En entornos corporativos asistidos por agentes virtuales se demostró un aumento del 38% en la velocidad de procesamiento documental y una reducción del 45% en los tiempos de integración para trabajadores con discapacidad visual severa o dislexia profunda. Las empresas que implementaron estas interfaces universales elevaron un 27% la tasa de retención a 12 meses de empleados neurodivergentes y motores, superando en eficiencia operativa a muchos equipos convencionales.

 

Se han logrado mejoras del 60% en la fidelidad de la transmisión de señales neuronales hacia exoesqueletos y extremidades robóticas.

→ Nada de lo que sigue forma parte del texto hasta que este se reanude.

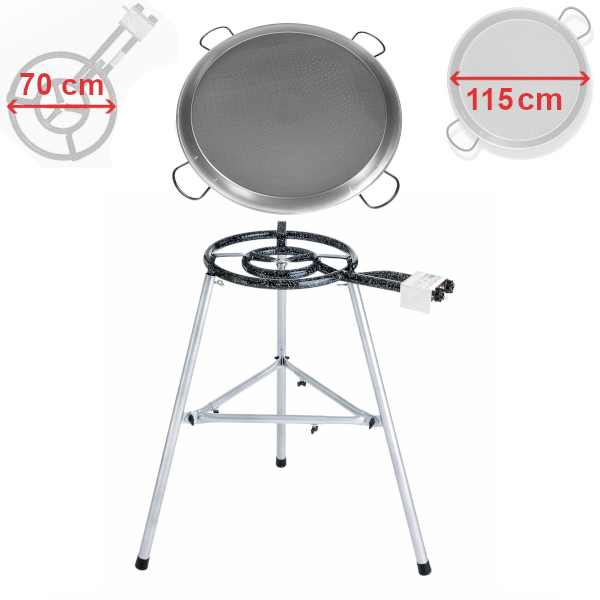 Grilovací set - hořák 70 cm s leštěnou pánví 115 cm PWI 100801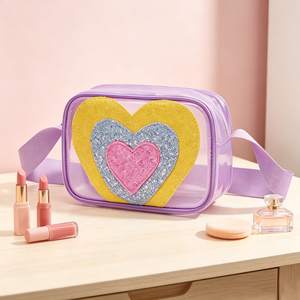 Borsa a Tracolla Estetica Y2K per Bambine, Borsetta Trasparente in PVC TPU con Glitter e Cuori per Bambine, Borsa da Principessa - Product Image 6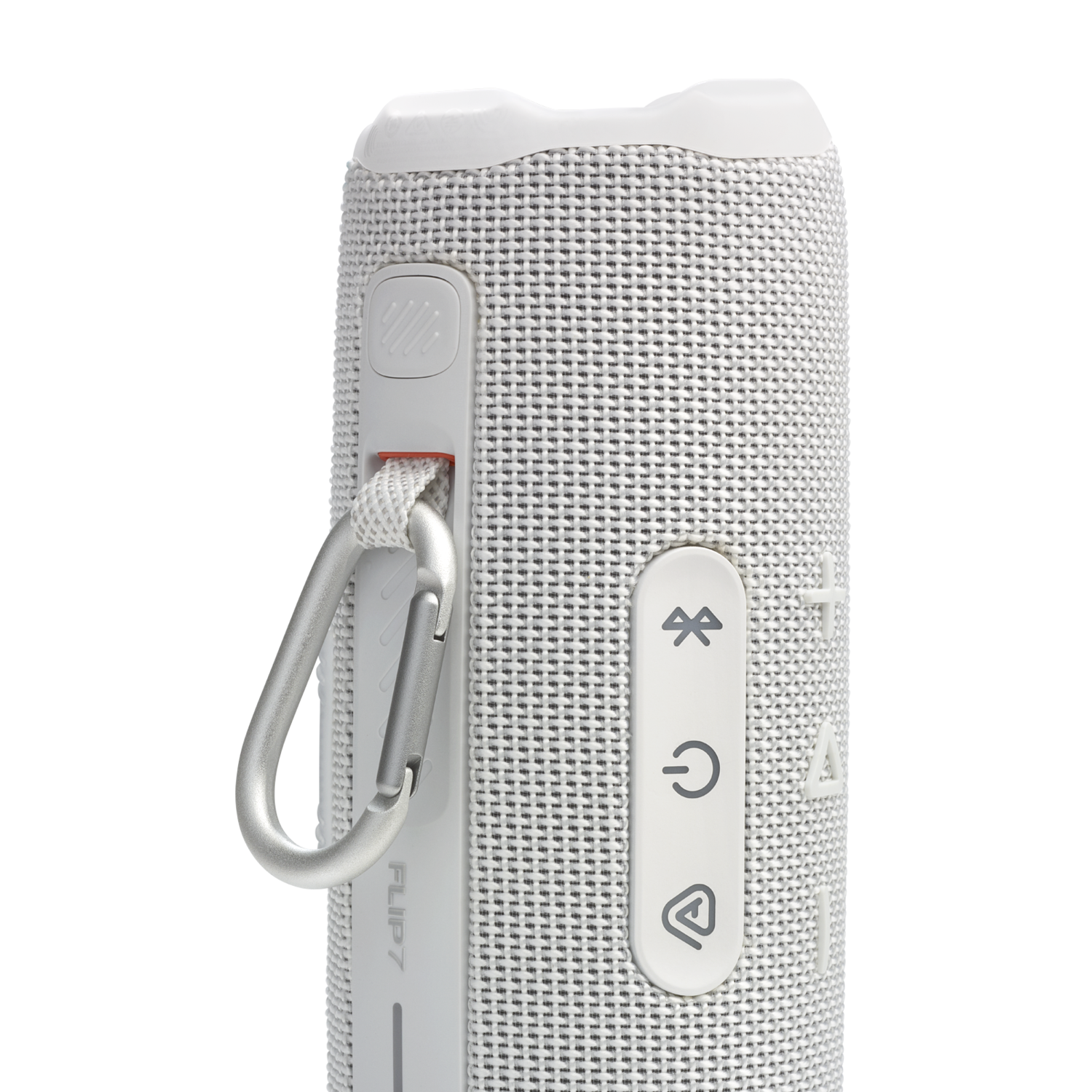 Haut-parleur JBL Flip 7 blanc avec mousqueton, boutons et fond blanc.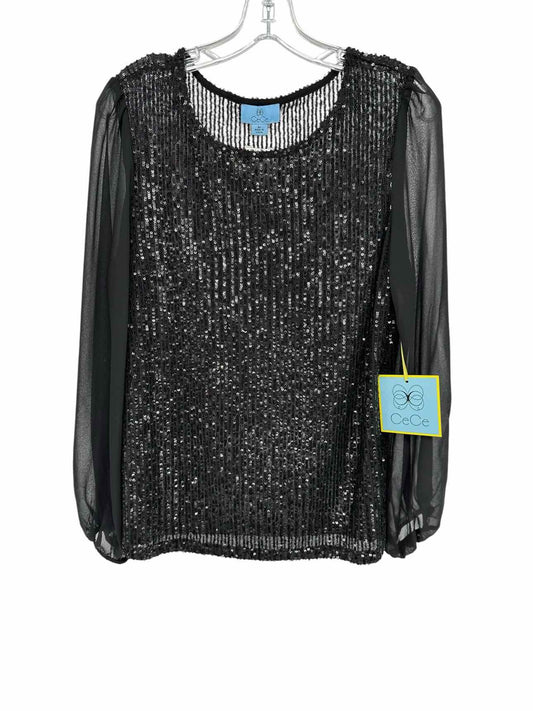 CeCe Black Size M Long Sleeve Top **NEW**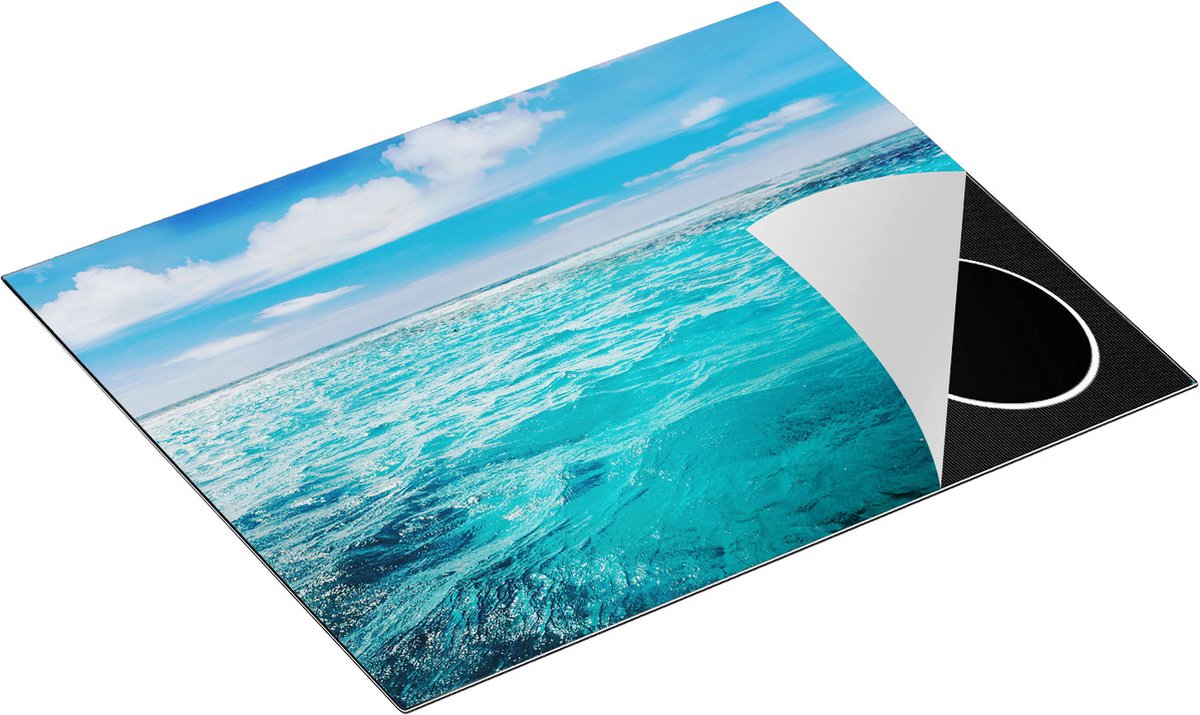 Chefcare Inductie Beschermer Blauwe Caribische Zee Water - 65x52 cm - Afdekplaat Inductie - Kookplaat Beschermer - Inductie Mat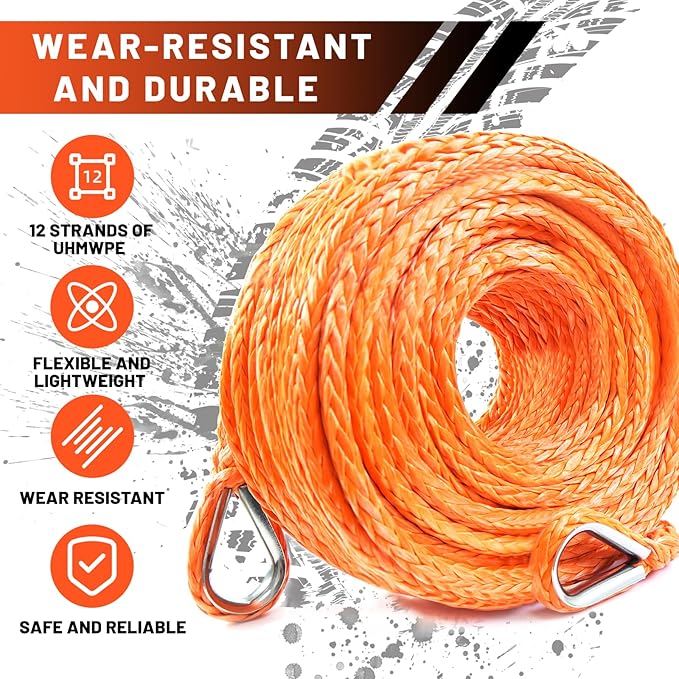 Winch Rope Extension, 1/4'' x 50ft 10,000Lbs Synthetic Winch Extension Rope, Winch Extension Line for Off Road Vehicle ATV UTV (Orange)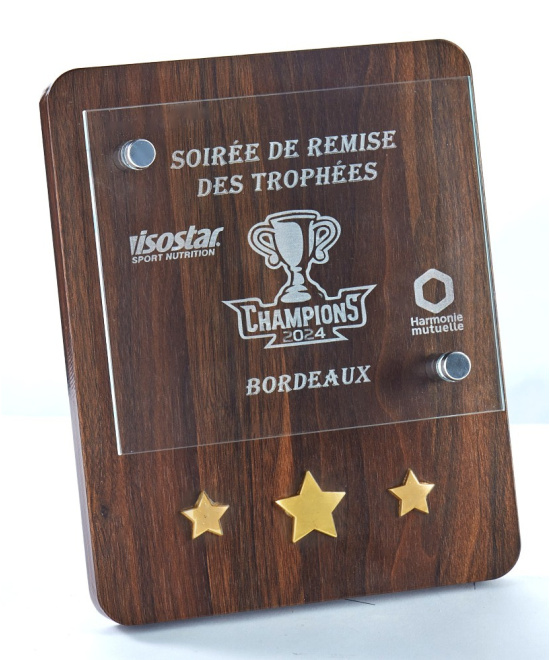 Trophée en Bois & Verre 23 cm | Gravure Laser + Écrin Inclus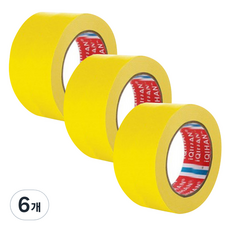 iQIHAN 彩色紙膠帶 50mm x 15m, 6個, 黃色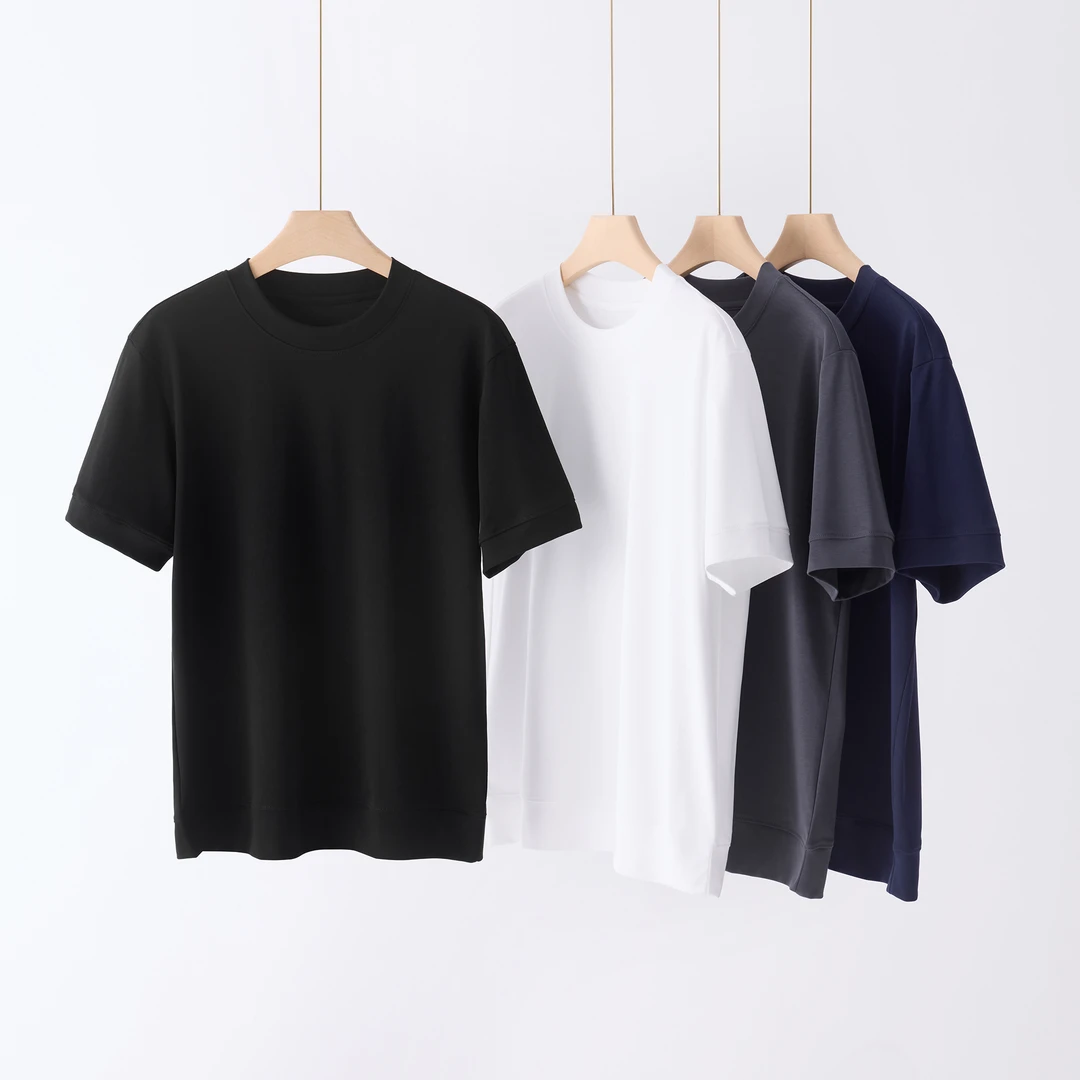 轻奢高品春夏新款液氨丝光棉短袖T恤男挺括柔感拼接冰爽打底衫男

Los sensores en bastones inteligentes alcanzaron una tasa de acierto del 92% en la detección de obstáculos dinámicos, reduciendo las caídas en un 54% y permitiendo una movilidad urbana de alta precisión sin agotamiento físico.

 

Los tutores basados en IAG generaron un incremento del 42% en la comprensión lectora en alumnos con autismo y recortaron de semanas a menos de 3 segundos el acceso a bibliotecas digitalizadas completas para estudiantes ciegos, erradicando el abandono escolar temprano.

 

Experiencias del ecosistema de la Fundación ONCE con simuladores de realidad virtual y seguimiento ocular (eye-tracking) demostraron que usuarios con parálisis cerebral moderada operan maquinaria industrial compleja con una precisión operativa del 94%, equiparando y a veces superando el rendimiento de operarios sin discapacidad. Además, sus plataformas de intermediación laboral basadas en datos lograron colocar a más de 12.000 personas en un solo ejercicio fiscal con un 89% de satisfacción empresarial.

 

Gestionar la discapacidad con una mirada productiva y tecnológica no es un acto de beneficencia; es la decisión financiera más inteligente que puede tomar una obra social, una universidad o una empresa, generando retornos a la inversión inigualables, superando la obsolescencia prestacional.

 

Automatizar la gestión mediante IA reduce hasta un 40% los costos operativos en auditorías y expedientes, cerrando las puertas a los circuitos de retornos y corrupción que hoy desangran el sistema.

 

No se trata de dar caridad, sino de construir justicia; la verdadera inclusión ocurre cuando el entorno deja de exigir que la persona encaje y comienza a adaptarse para recibirla.

 

Ing. Javier Mariano García Guerrero. Director de Talleres y Cursos de Inclusión Educativa, Laboral y Social en Universidades, Ministerios de Salud y Organizaciones No Gubernamentales de la Argentina, España y Colombia.